Por que lucrar com educação? Não bastam salários compatíveis com as funções exercidas? Por que alimentar o desejo de ganhar fortunas com educação, se existem inúmeras outras formas de investimento para buscar lucros? Educação e saúde jamais deveriam ser encarados como oportunidades de lucro. Isso porque nenhuma sociedade se sustenta sem saúde e educação.
Somente no ano fiscal de 2013-2014 a Universidade Stanford arrecadou quase um bilhão de dólares a partir de 82.300 doadores. Por quê? Porque esta universidade beneficia e é beneficiada por toda uma comunidade local e internacional que deseja ver esta instituição crescendo mais ainda em termos de influência e não de tamanho. E as universidade privadas de nosso país? Quais são os benefícios reais delas às comunidades locais e internacionais?
Certamente existem muitas instituições privadas de ensino superior no Brasil que promovem programas sociais relevantes. Mas qual seria o alcance de tais programas se essas instituições abrissem mão de seus lucros e fossem gerenciadas por comissões formadas por representantes dos principais segmentos sociais diretamente envolvidos, como ocorre em Stanford? Por um lado, o fim do lucro aumentaria consideravelmente a receita dessas instituições e, por outro, estimularia várias pessoas físicas e jurídicas a fazerem generosas doações, como forma de agradecimento. Não seriam apenas as pessoas institucionalmente vinculadas que vestiriam a camisa da instituição, mas também demais membros das comunidades local e internacional.
Outra consequência natural do fim dos lucros seria a oferta de salários competitivos para professores, o que permitiria a contratação dos melhores docentes e pesquisadores. E, claro, haveria mais verbas para pesquisa e programas sociais.
Ou seja, pelo menos do ponto de vista tributário, há espaço para a criação e/ou manutenção de universidades privadas de destaque internacional em nosso país. Resta apenas saber se há espaço do ponto de vista social. Menos de 14% dos jovens bolsistas do Programa Ciência Sem Fronteiras do Governo Federal estão nas cem melhores universidades do mundo, de acordo com critérios da Times Higher Education. Ou seja, mesmo recebendo bolsas de estudos, nossos alunos de ensino superior ainda demonstram incompetência ou medo, quando o assunto é excelência. Por que, no início do Ciência Sem Fronteiras, tantos jovens procuraram instituições portuguesas? Por conta de dificuldades para lidar com idiomas estrangeiros.
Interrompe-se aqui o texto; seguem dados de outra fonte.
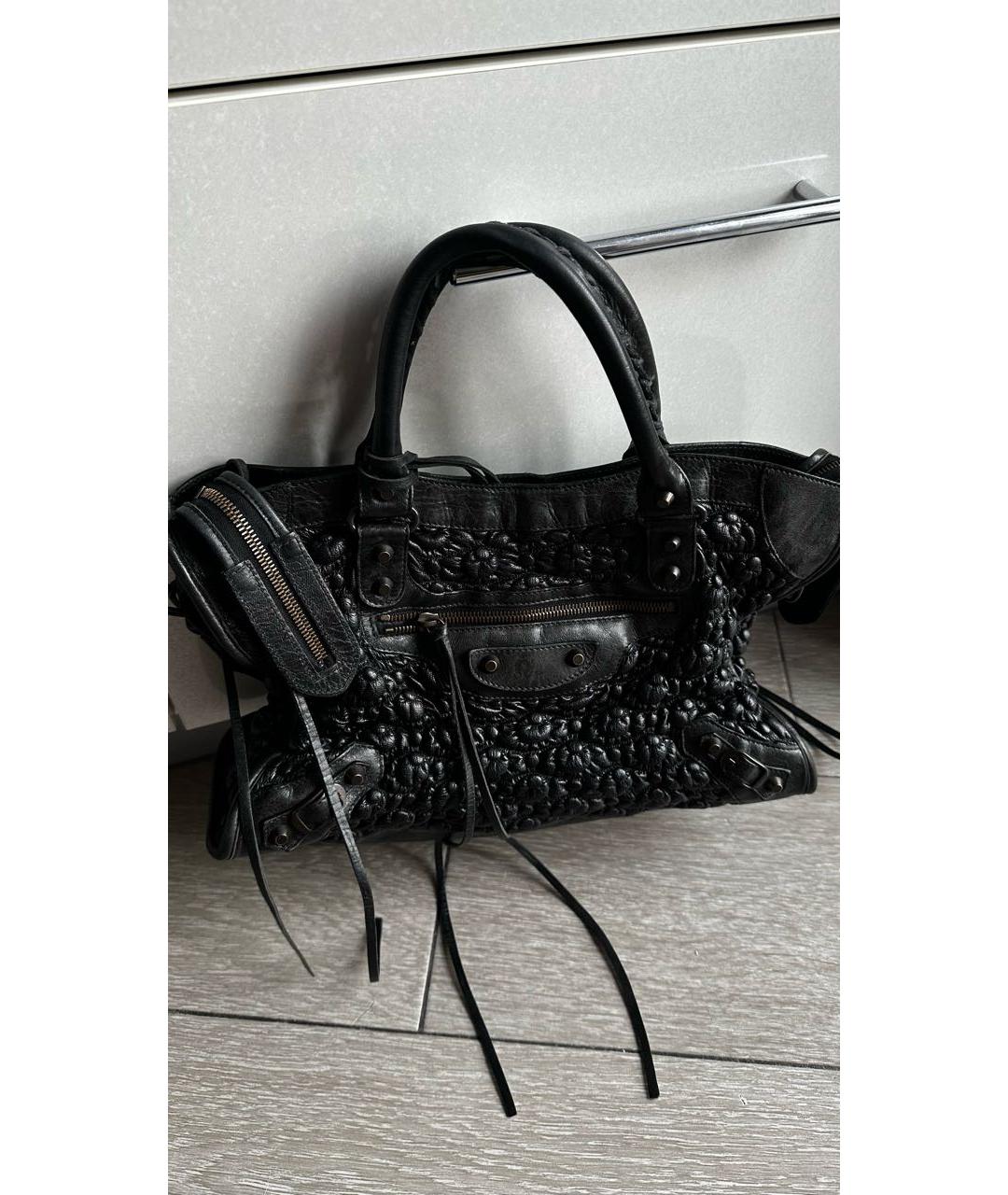 BALENCIAGA Черная кожаная сумка с короткими ручками, фото 8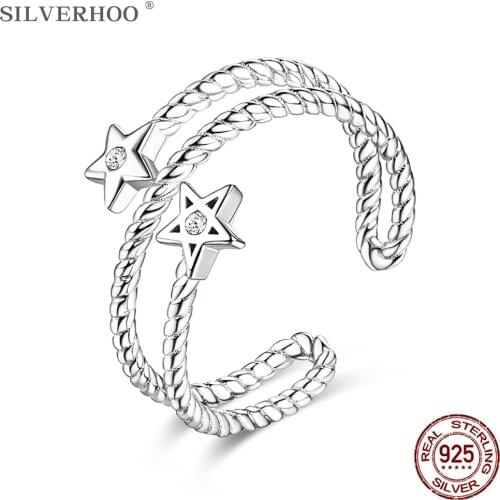SILVERHOO Adjustable Finger Ring For Women Inlay Cubic Zirconia Star 925 Sterling Silver Rings Double Twisted Rope Shape Jewelry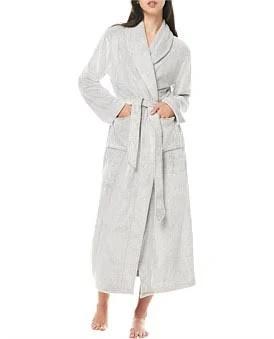 David Jones Gingerlilly Long Plush Robe in Grey, Size Large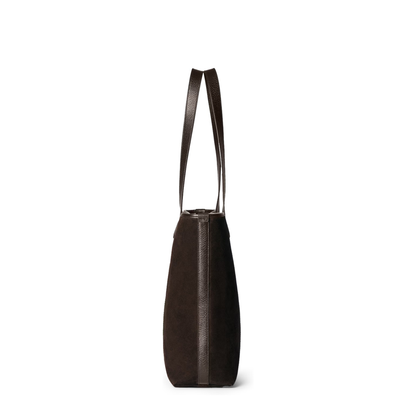 Ophidia Medium Tote Bag in Dark Brown Suede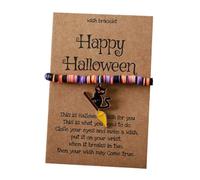 xuzhiyuan Halloween Wish Bracelet for Women- Spooky Soft Clay Beaded Bracelet with Ghost/Bat/Black Cat Pendant,Party Jewelry Gift with Happy Halloween Card, M, Vinyl, no gemstone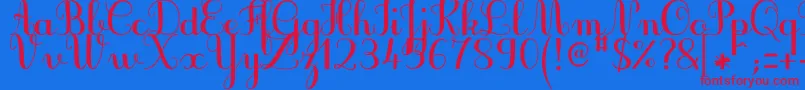 フォントJbcursiveV3Bold – 赤い文字の青い背景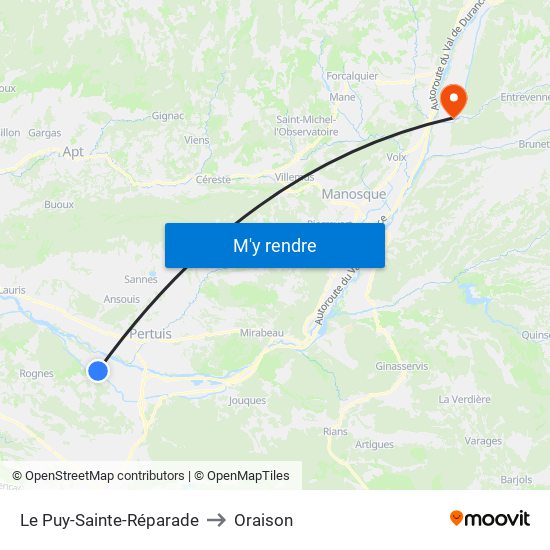 Le Puy-Sainte-Réparade to Oraison map
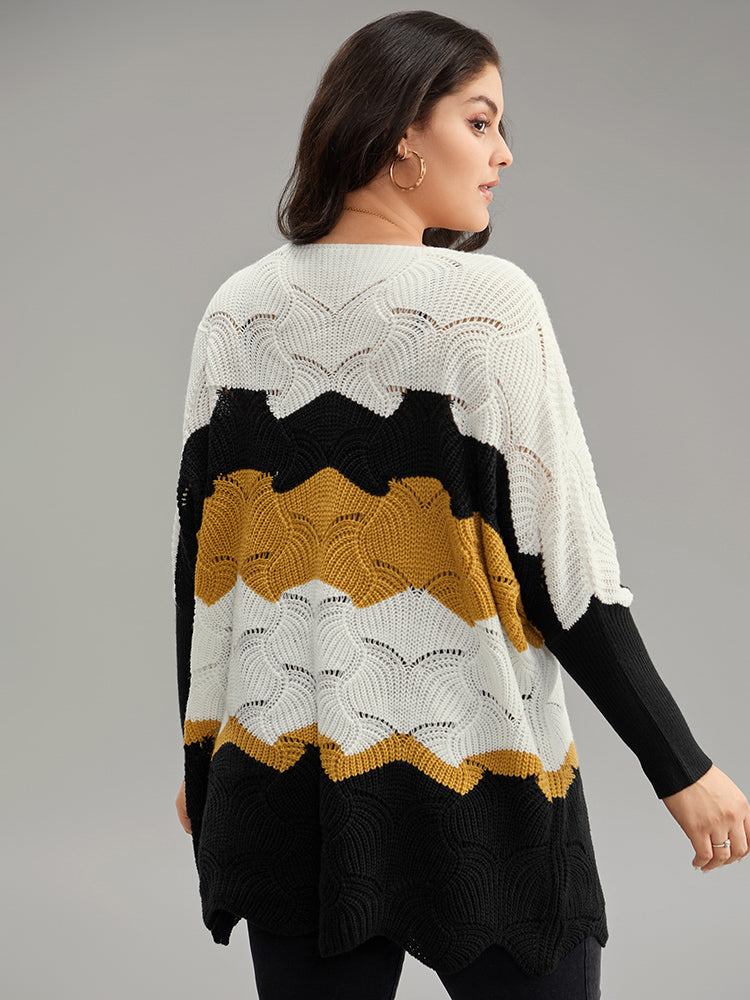 Contrast Cut Out Batwing Sleeve Pullover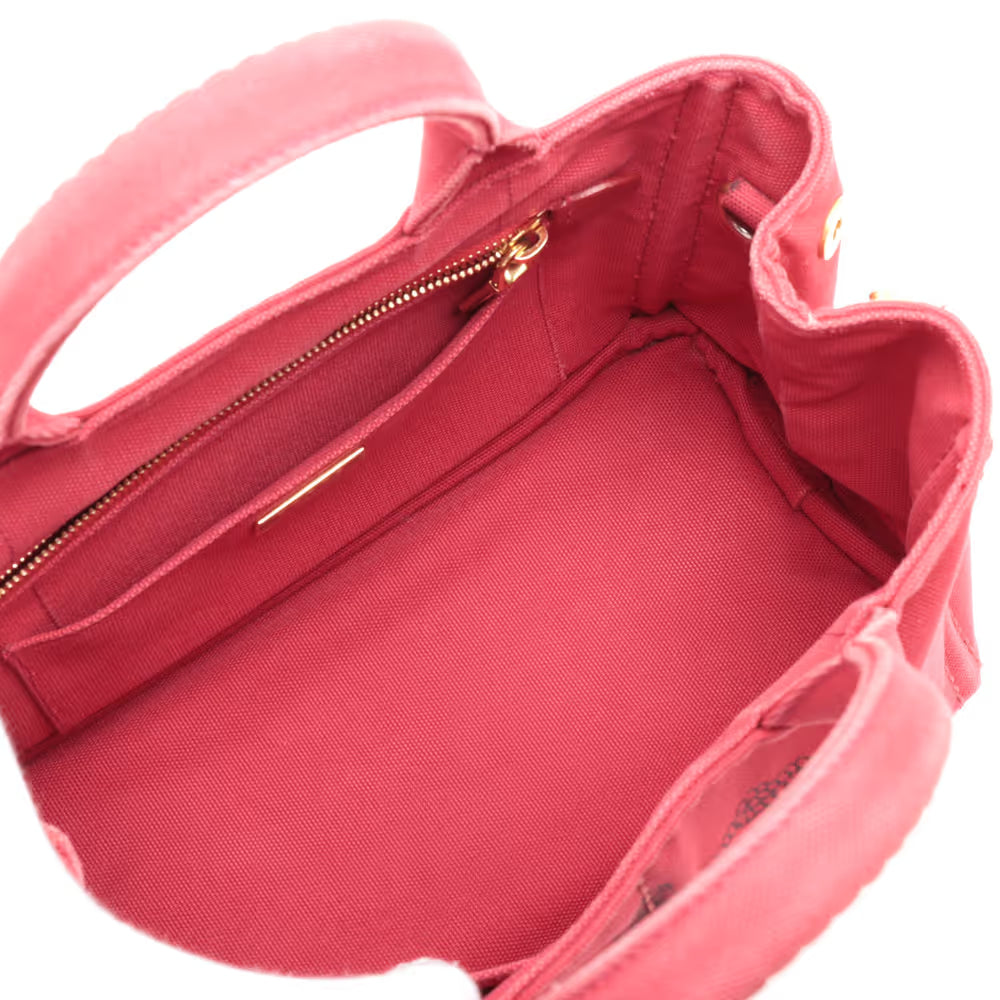 Prada Canapa Convertible Tote Printed Canvas, Red, Canvas, Handbag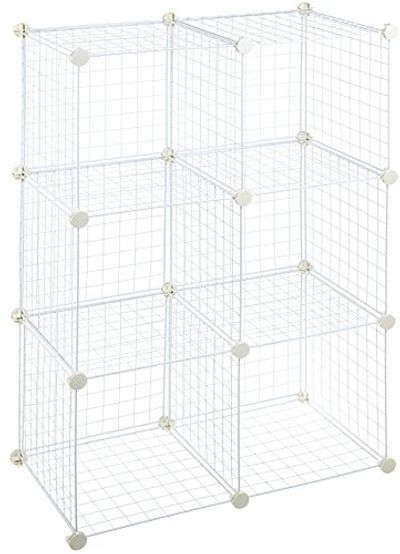 AmazonBasics 6 Cube Grid Wire Storage Shelves, White $32.93 (Reg $45.99)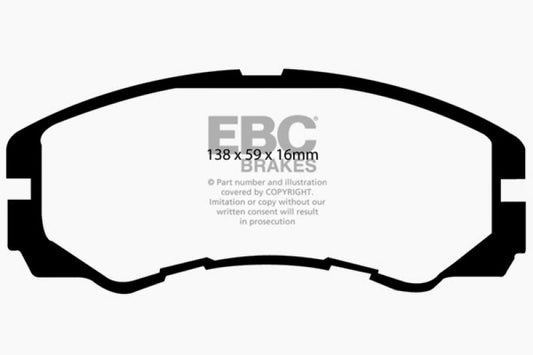 EBC Ultimax2 front brake pads for Acura SLX 3.2 model, OE type brake pads with metal backing plates, black friction surface.
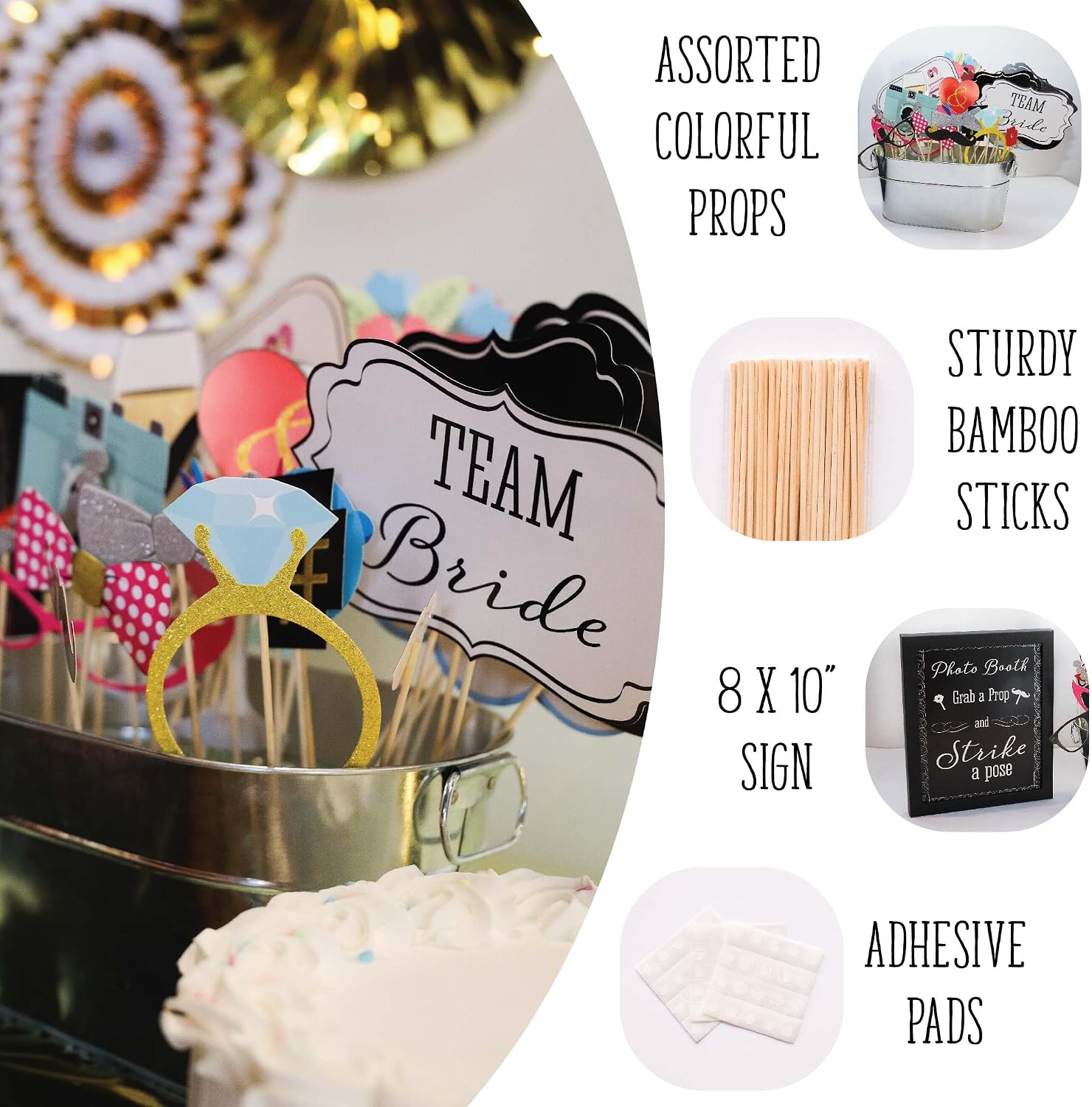 Wedding Photo Booth Props with 8 x 10-Inch Sign, 45 Adhesive Pads, 35 Wooden Sticks - Signs for Wedding Backdrop and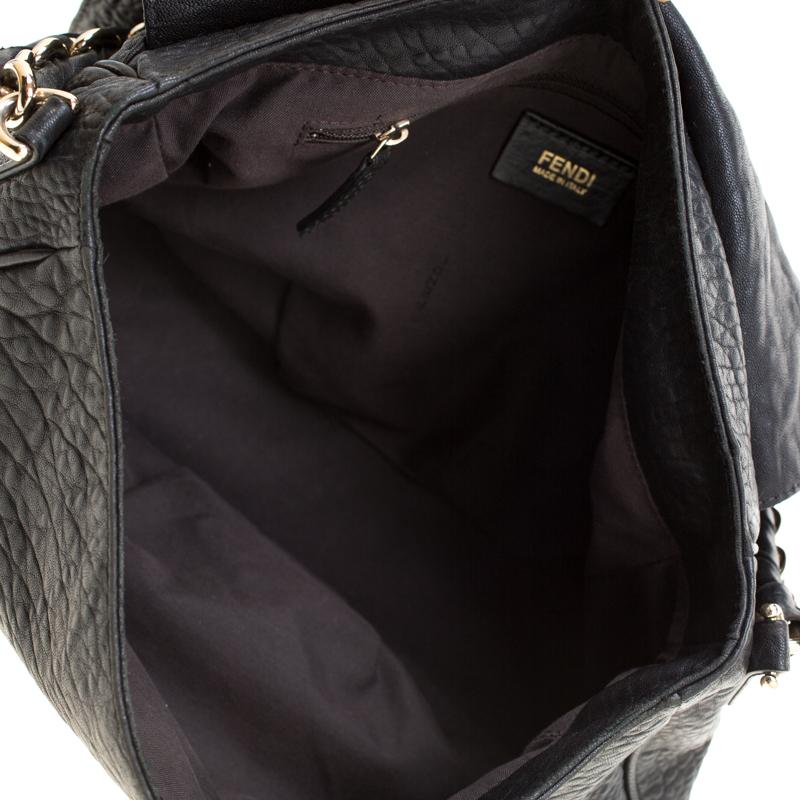 Fendi Black Leather Mia Flap Shoulder Bag 3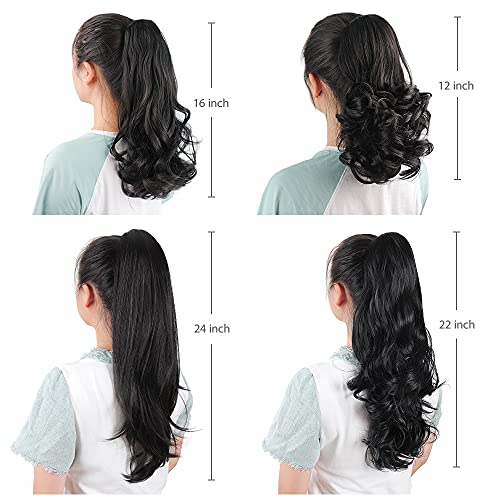 12" Wavy Ponytail Extension with Claw Clip - Synthetic Heat-Resistant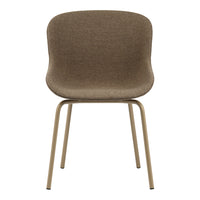 Brown fabric chair with a smooth, curved design and sleek metal legs in a muted tan color.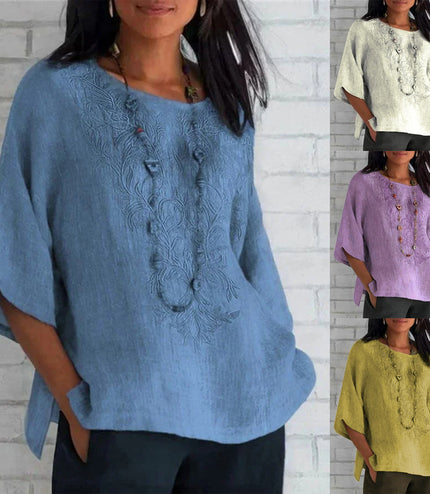 Autumn And Winter Women's Three-quarter Sleeve Loose Casual Print T-shirt Linen Cotton And Linen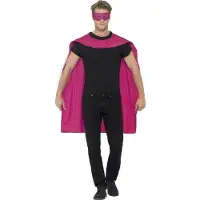 Smiffy Superhero cape met masker pink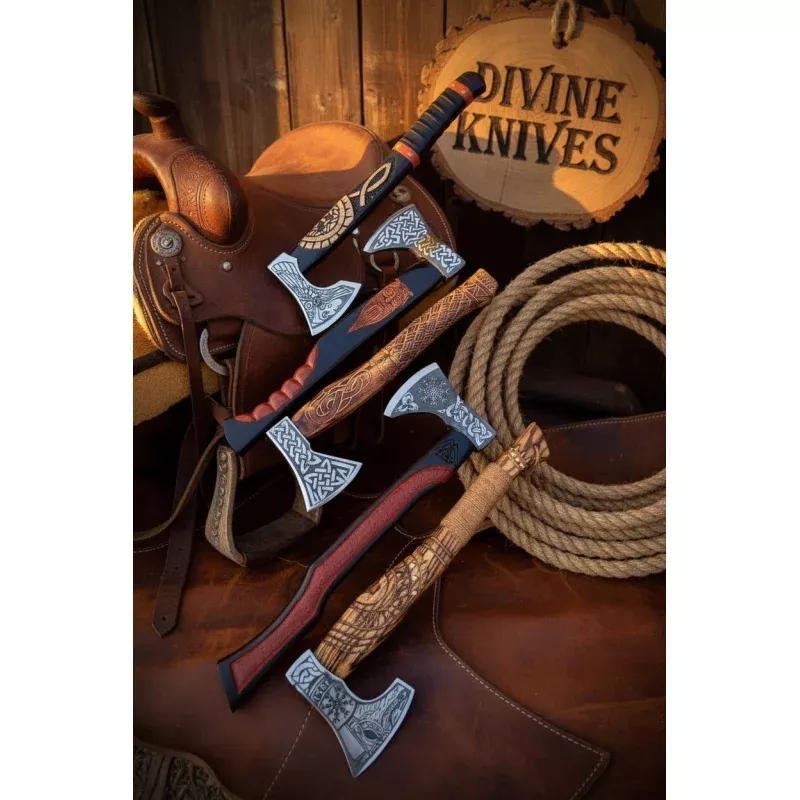 Celtic Engraved Viking Tomahawk Axe CollectionSet of 4
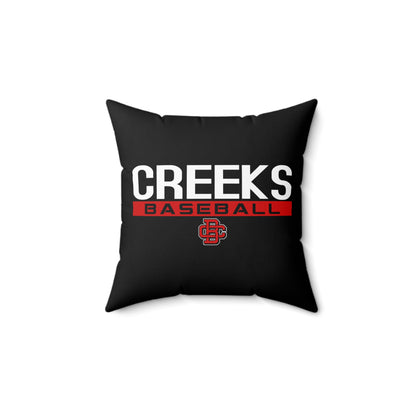 Spun Polyester Square Pillow Creeks Baseball Club - CBC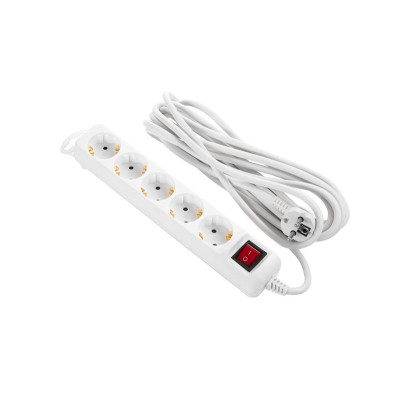 Фільтр живлення 2Е (2E-U05ES15M5) 5хSchuko, 5 м, білий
Isso é covardia e incompetência.
O que há de errado com as instituições privadas de ensino superior de nosso país? É o mesmo que há de errado no país inteiro: falta-nos visão, ambição e ousadia. Afinal, o que querem os empresários da rede privada de ensino superior? O objetivo é ganhar mais, fazendo menos; ou fazer mais e melhor, ganhando um salário digno?